Task prompt
Word for word, set down the lines from the one that contains "Under Armour green sweatpants" through the final line of the data; no pictures belong in the copy.

(Records from a data source)
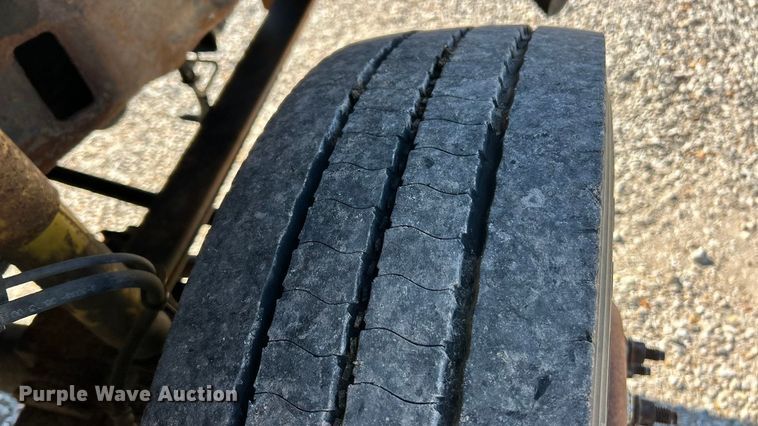 image for item ET6632 2001 Ford F450 Super Duty flatbed truck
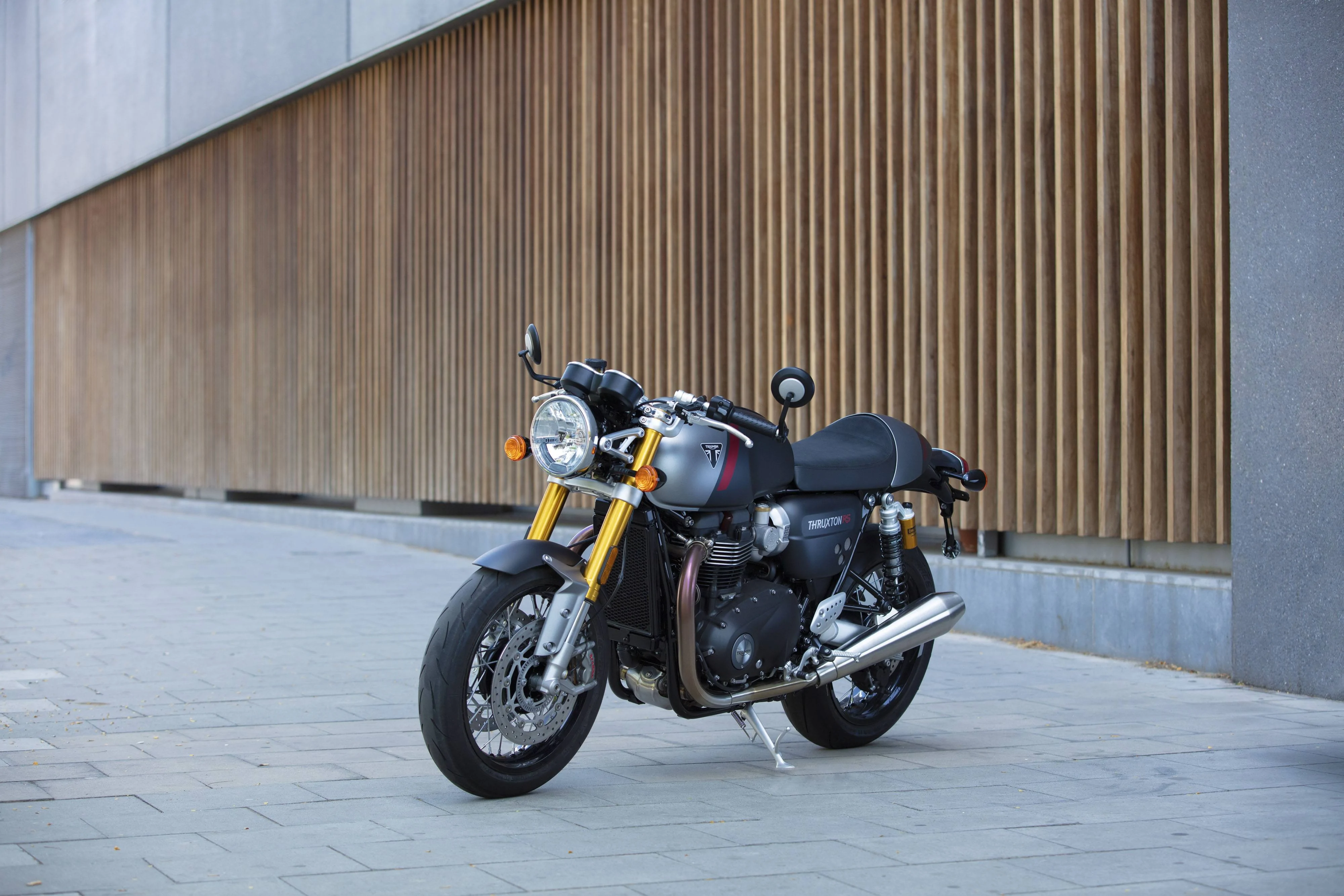 Thumbnail for Triumph Thruxton 1200 2020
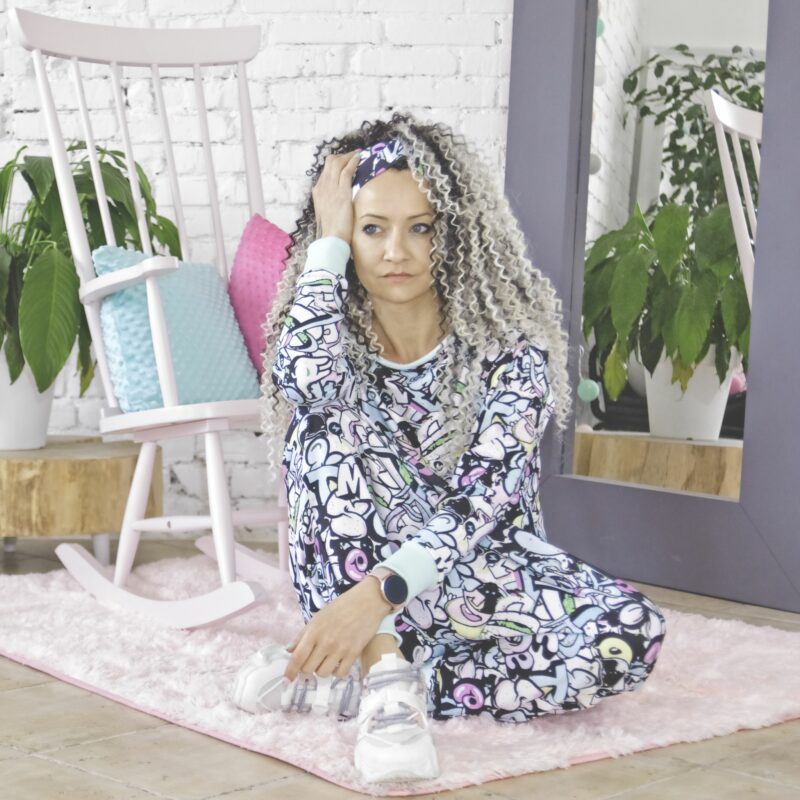 MUUkreacje moda damska, odzież szyta na wymiar z kolorowych autorskich printów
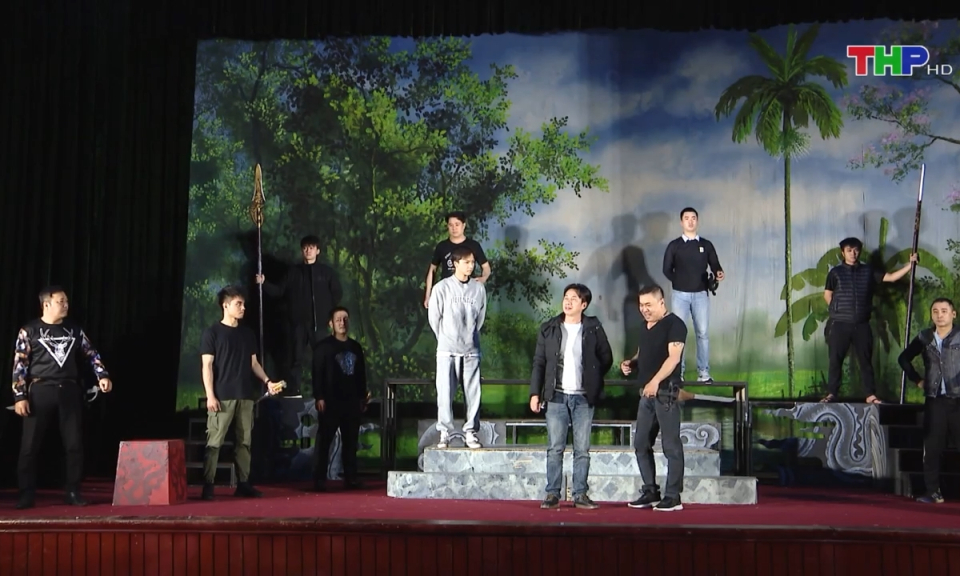 Hợp luyện Vở kịch n&oacute;i Macbeth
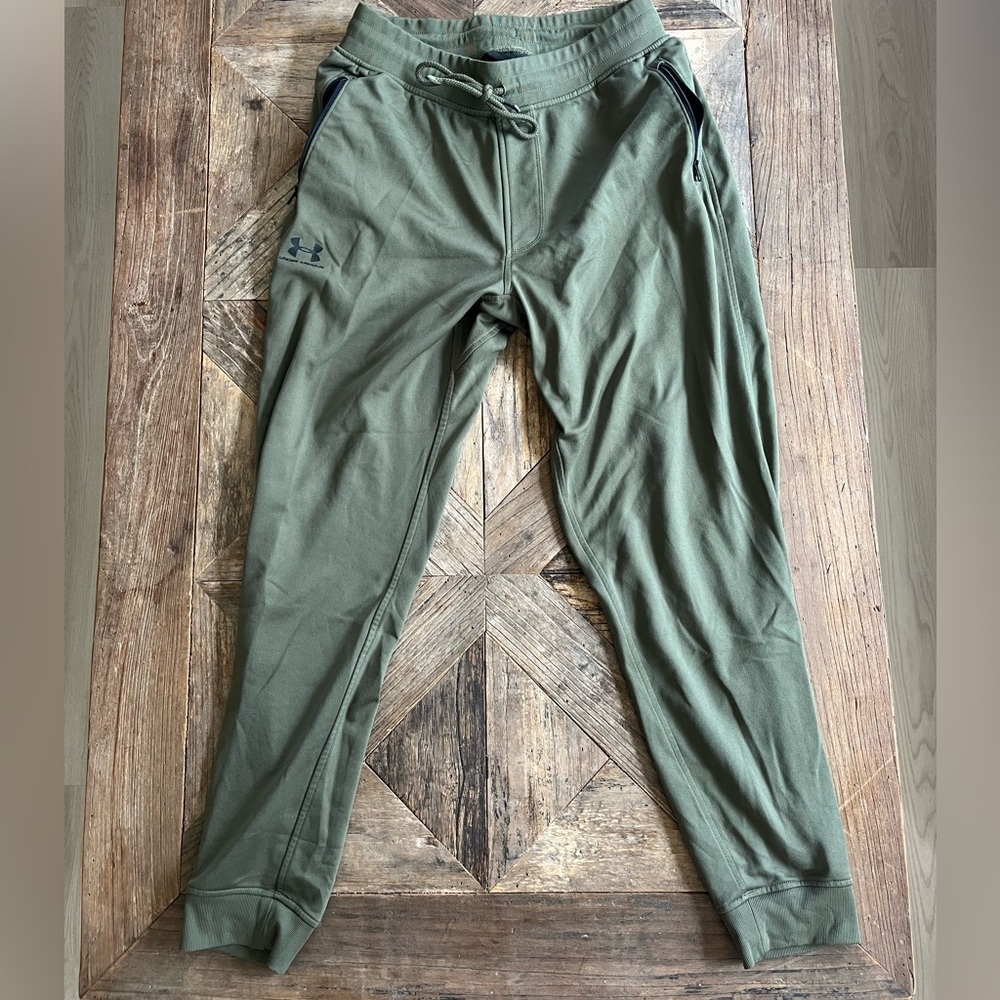 Under Armour green sweatpants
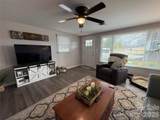 1435 Freeman Avenue - Photo 4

Answer box
 Under Armour green sweatpants
 1435 Freeman Avenue - Photo 4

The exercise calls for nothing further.